I have the following setup, Linux stack, with front-end running nginx proxy and static assets and back-end running Ruby on Rails and MySQL in master-master replication:
- Primary site:
front-end.a
,back-end.a
- Secondary site:
front-end.b
,back-end.b
- A router sitting on a shared network that can route to both primary and secondary sites
The primary site serves requests most of the time. The secondary site is redundant. back-end.b
is in master-master replication with back-end.a
but is read-only.
When the primary site goes down, requests need to be redirected to the secondary site. This will show a service unavailable 503 page until manual intervention ensures that the primary site won't come back and hits the big switch that makes the secondary site live and read-write.

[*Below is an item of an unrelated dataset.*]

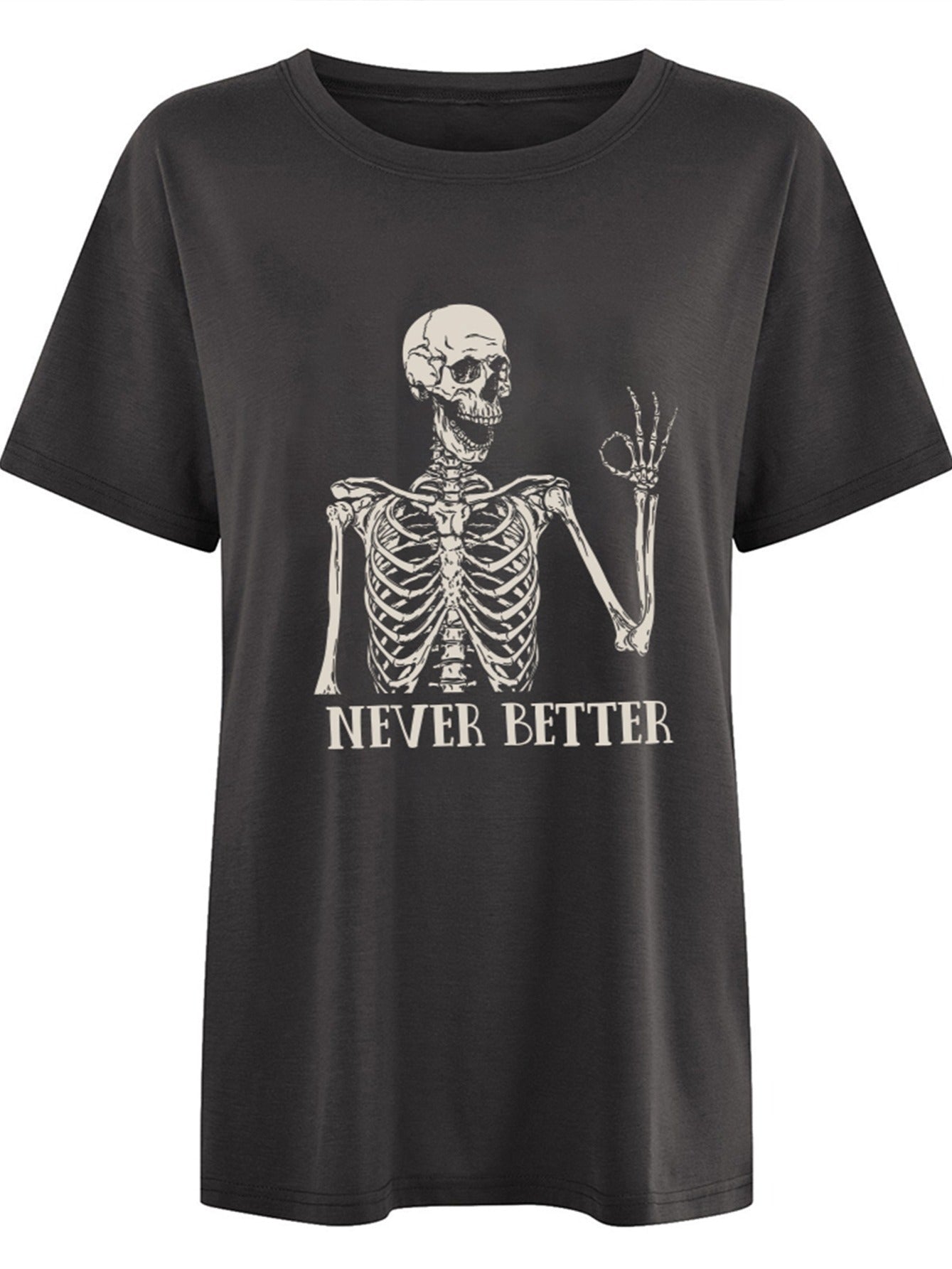 Halloween T-shirt met skeletprint, vintage look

The primary site can then be brought back in a controlled fashion, with back-end.a
becoming a read-only replication slave of back-end.b
. When everything on the primary site is ready again, front-end.b
will start serving service unavailable, back-end.b
will switch to read-only, requests need to be redirected to the primary site again, and finally the primary site needs to become read-write.
The priorities:
- The site must not become completely dead and unreachable
- Switchover to a live working site must be fairly fast
- Preventing data loss / inconsistency is more important than absolute reliability
Now, the current approach being used is Linux-HA / Heartbeat / Pacemaker, using a virtual IP shared between front-end.a
and front-end.b
with a location preference set to front-end.a
.
This works excellently for failing over the IP if the primary site disappears. However, the level of manual control thereafter is rather lacking.
For example, after the primary site has failed and the secondary site needs to be brought up, we need to ensure the primary site doesn't try to steal back the IP address when it comes back up. However, Linux-HA doesn't seem to support this very well. crm resource move
is the documented command to move a resource (it works by adding an infinite weight location rule), but if the resource has already failed over, this command fails saying that the resource has already been moved. Adding an explicit higher weight location preference doesn't seem to work reliably. So far the most reliable thing to do has been to remove the existing location rule and replace it with a new rule preferring the secondary site. This feels like we're fighting the tool and trying to make it do something it wasn't designed to.
And there are other oddities with Linux-HA. Frequently the cluster gets stuck in a split-brain state while booting up - both nodes are sending out heartbeat packets (verified with packet sniffing), both nodes can ping one another, but crm_mon on both reports the other node as offline. The heartbeat service needs to be restarted on one or the other nodes to get it to work - and sometimes it needs a SIGKILL rather than SIGTERM to bring it down. Also, crm_mon shows the CIB (cluster database) is replicated pretty much instantaneously when configuration is altered on either front-end.a
or front-end.b
, but Pacemaker takes its time actually moving the IP resource - it can take several minutes for it to move across, potentially putting our SLAs at risk.
So I'm starting to look at other options that are more focused on virtual IPs and IP failover rather than general clustered resources. The two other options I see are ucarp and keepalived.
However, given the amount of time I've spent setting up heartbeat etc. and trying to make it work, I'd like feedback on the best approach for this setup.